*WHAT TO WORK ON*
Using the data below, restate exactly every line from the one with "GELAXYO BOTTLE BUILDER COLOR 03 15ml" up to and including the one with "BMW 3 Series 330i xDrive Sedan". No picture belongs in it.

*MATERIAL PROVIDED*
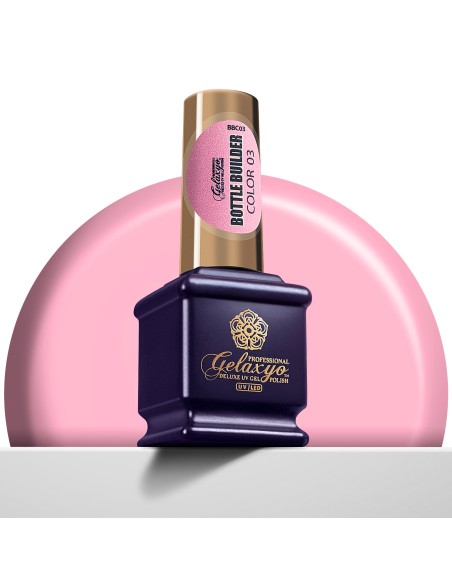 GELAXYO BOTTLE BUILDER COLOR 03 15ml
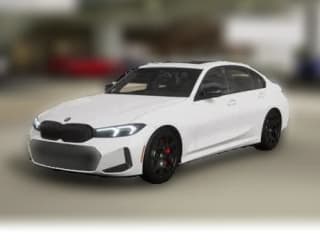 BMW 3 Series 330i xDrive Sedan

==

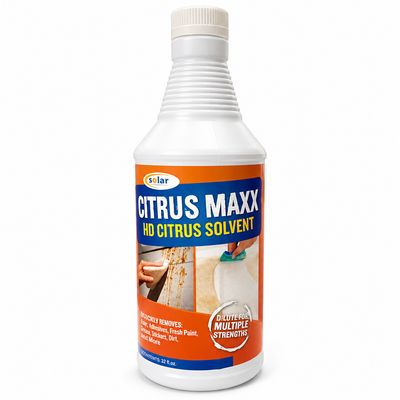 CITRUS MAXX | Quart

* * *

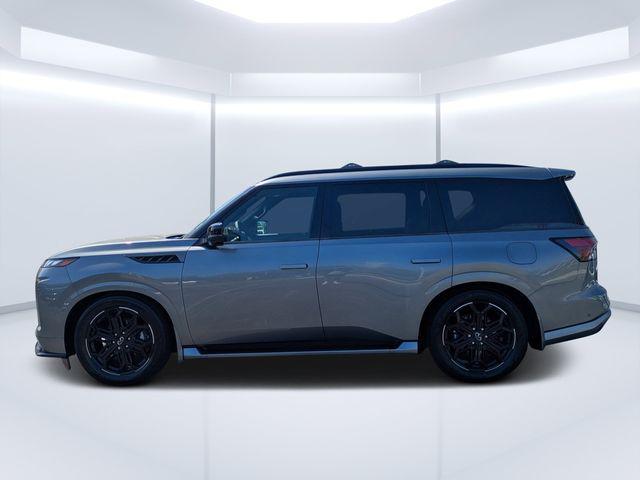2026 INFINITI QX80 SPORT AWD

*WRITTEN RESPONSE*
 GELAXYO BOTTLE BUILDER COLOR 03 15ml
 BMW 3 Series 330i xDrive Sedan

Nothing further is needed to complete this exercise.